Formação inicial, inserção no contexto profissional, choque com a realidade, aprendizagens teóricas e práticas, descoberta de limites e possibilidades, relações interpessoais, entre tantos outros fatores, marcam a trajetória profissional do professor iniciante, o que requer dele recursos pessoais para que possa compreender e intervir na realidade de maneira crítica e reflexiva (Vaillant & Marcelo, 2012). Sendo assim, é oportuno ressaltar que, além do domínio cognitivo e instrumental, é por meio das experiências profissionais que a identidade profissional também vai sendo construída, isto é, a partir da influência de elementos emocionais e relacionais. Uma

[...] característica do objeto de trabalho decorre de sua dimensão afetiva. Um componente emocional manifesta-se inevitavelmente, quando se trata de seres humanos [...]. Uma boa parte do trabalho docente é de cunho afetivo, emocional. Baseia-se em emoções, em afetos, na capacidade não somente de pensar nos alunos, mas igualmente de perceber e de sentir suas emoções, seus temores, suas alegrias, seus próprios bloqueios afetivos (Tardif, 2014, p. 130).

Diante disso, pontua-se que a questão emocional não se restringe à relação professor-aluno, na medida em que também se faz presente nas várias dimensões do trabalho pedagógico e da docência.

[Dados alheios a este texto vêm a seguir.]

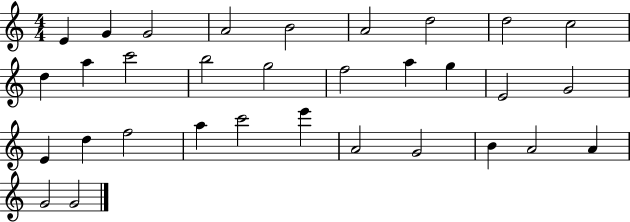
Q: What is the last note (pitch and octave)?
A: G4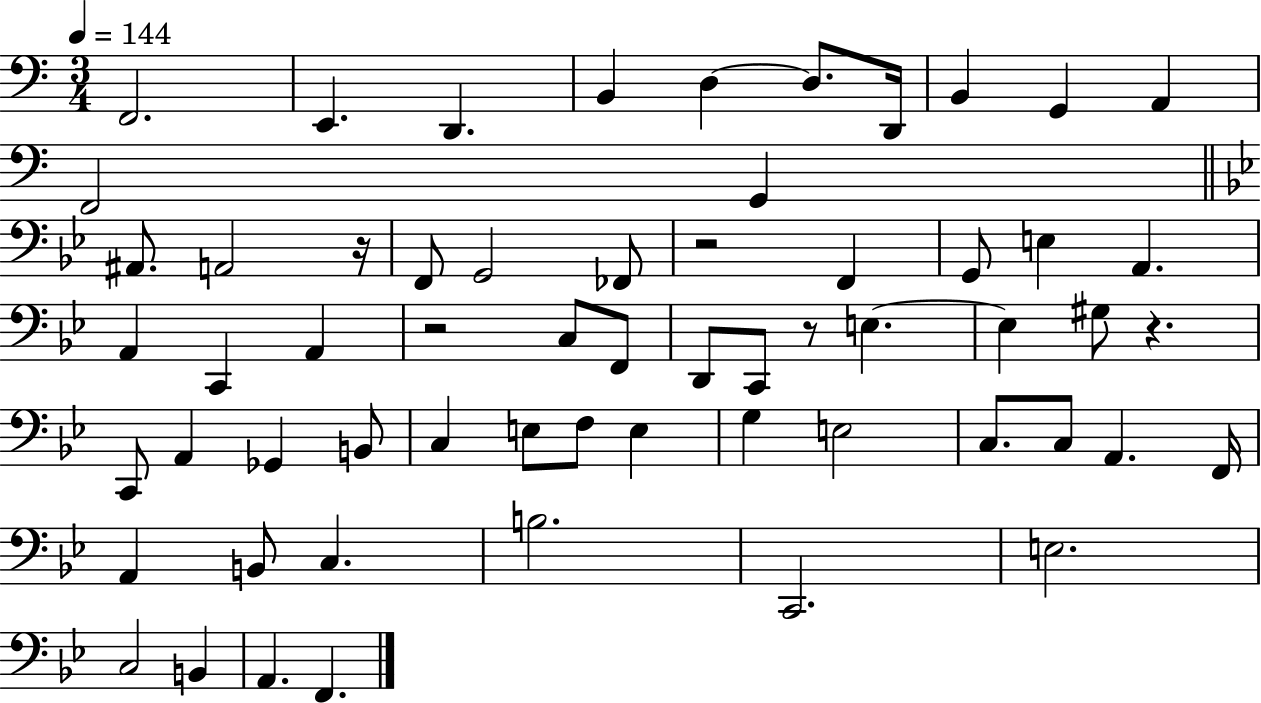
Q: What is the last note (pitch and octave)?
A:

Na educação precisamos, definitivamente, entender que as emoções não são um luxo, elas possuem uma função, como nos lembra Damásio (1996), seja na comunicação de significados a terceiros ou tendo um papel de orientação cognitiva. Portanto, não podem ser ignoradas. No entender de Marchesi (2008, p. 116), a questão emocional constitui um dos traços centrais, por vezes esquecida, apesar “[...] de ser um dos fatores que explica a coesão ou a desagregação da equipe de professores ou da comunidade educacional”. Neste viés, o bem-estar pessoal na profissão docente, a segurança emocional adquirida na relação com os alunos, o sentimento de pertencimento, a confiança no enfrentamento de problemas e em sua resolução, o estabelecimento de relações positivas com os colegas e a direção, entre outros fatores, “[...] permitem com que um indivíduo se considere e viva como um professor e assuma, assim, subjetivamente, o fato de fazer carreira no magistério” (Tardif, 2014, p. 108).

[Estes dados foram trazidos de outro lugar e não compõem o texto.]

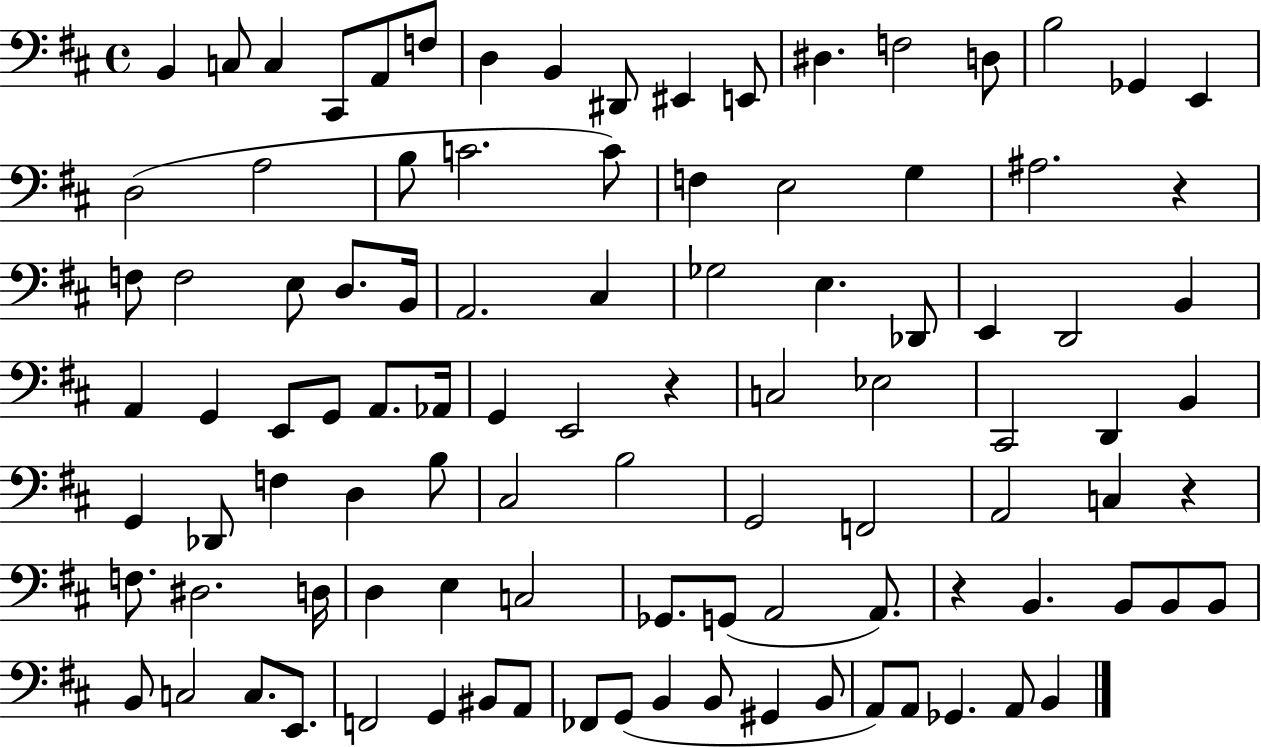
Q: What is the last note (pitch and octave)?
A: B2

Esses pressupostos levam ao entendimento de que o professor iniciante não é somente um sujeito epistêmico, que se coloca diante do mundo numa relação estrita de conhecimento, num domínio puramente cognitivo e instrumental do trabalho docente, mas ele é um ser-no-mundo, a pessoa-professor, com emoções, valores, linguagem, relacionamento com os outros e consigo mesmo. Sendo assim, ele pensa a partir de sua história de vida não somente intelectual, mas também emocional, afetiva, pessoal e interpessoal, ou seja, através de um repertório permeado por sentido, linguagens e significados oriundos das experiências formadoras (Tardif, 2014).

Damásio (1996), ao referir-se às emoções e seus aspectos, faz alusão às emoções primárias e secundárias como mecanismos que o ser humano utiliza para externar a forma como o corpo reage às interações com o meio. E que, embora as primárias sejam as mais universais, não dão conta de descrever toda a gama de comportamentos emocionais, havendo necessidade de recorrermos às emoções secundárias para aprofundarmos nossa experiência emocional.

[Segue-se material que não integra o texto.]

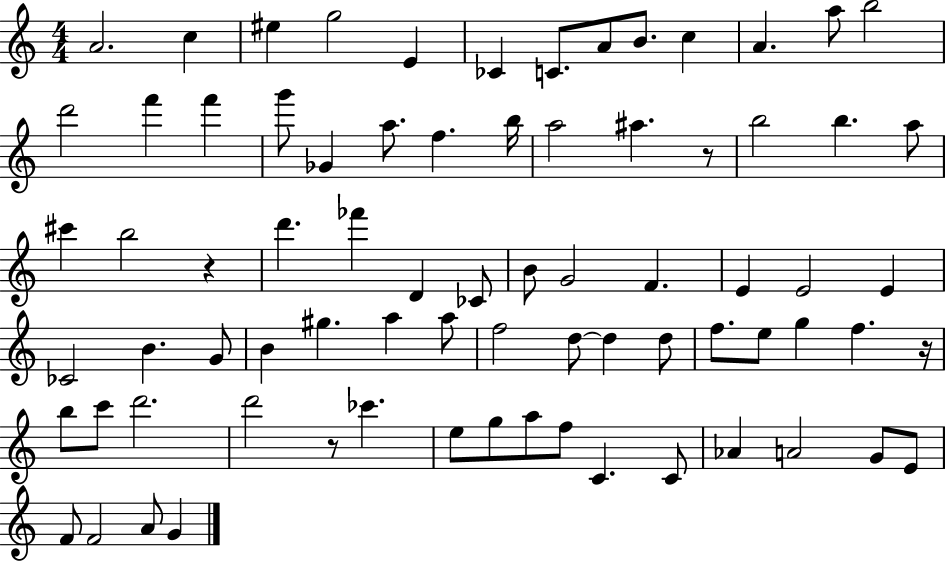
A4/h. C5/q EIS5/q G5/h E4/q CES4/q C4/e. A4/e B4/e. C5/q A4/q. A5/e B5/h D6/h F6/q F6/q G6/e Gb4/q A5/e. F5/q. B5/s A5/h A#5/q. R/e B5/h B5/q. A5/e C#6/q B5/h R/q D6/q. FES6/q D4/q CES4/e B4/e G4/h F4/q. E4/q E4/h E4/q CES4/h B4/q. G4/e B4/q G#5/q. A5/q A5/e F5/h D5/e D5/q D5/e F5/e. E5/e G5/q F5/q. R/s B5/e C6/e D6/h. D6/h R/e CES6/q. E5/e G5/e A5/e F5/e C4/q. C4/e Ab4/q A4/h G4/e E4/e F4/e F4/h A4/e G4/q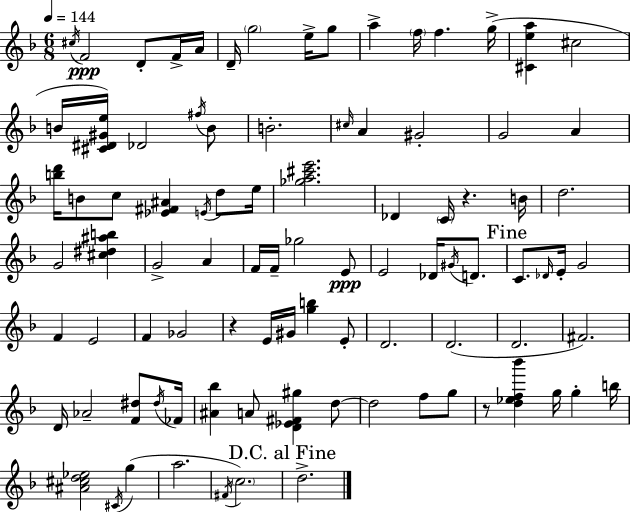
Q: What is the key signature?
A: F major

No cotidiano nos referimos a emoções e sentimentos para comportamentos que nos parecem muito similares. Damásio (1996) afirma que todas as emoções originam sentimentos, mas nem todos os sentimentos provêm de emoções, sendo estes os sentimentos de fundo. Assim como há emoções primárias e secundárias, há uma variedade muito grande de sentimentos. Damásio (1996) define três categorias básicas ou procedências dos sentimentos: sentimentos de emoções universais básicas, sentimentos de emoções universais sutis e sentimentos de fundo.

Os sentimentos de fundo, no entender de Damásio (1996), teriam procedido de outra variedade de sentimentos e são os que ocorrem com mais frequência ao longo da vida: “[...] eles correspondem aos estados do corpo que ocorrem entre emoções” (Damásio, 1996, p. 181). É a imagem da paisagem do corpo quando essa não se encontra agitada pela emoção. É a percepção da representação de nosso estado que permite respondermos prontamente ao questionamento a respeito de como nos sentimos. Portanto, eles são muito importantes, pois fornecem imagens contextualizadas que permitem cuidar do corpo. “Os sentimentos têm um estado verdadeiramente privilegiado. São representados em muitos níveis neurais, incluindo no neocortical, onde são os parceiros neuroanatômicos e neurofisiológicos de tudo o que pode ser apreciado por outros canais sensoriais” (Damásio, 1996, p. 190). Eles têm sempre uma palavra a dizer sobre o modo de funcionamento do resto do cérebro e da cognição. É por isso que precisam ser respeitados e sua influência considerada no processo pedagógico e na atuação do professor. Mas ainda não temos muita clareza da relação sentimentos-emoções e de suas implicações para quem está iniciando sua vida profissional, por isso a necessidade de ampliarmos esta discussão que será retomada mais adiante no texto.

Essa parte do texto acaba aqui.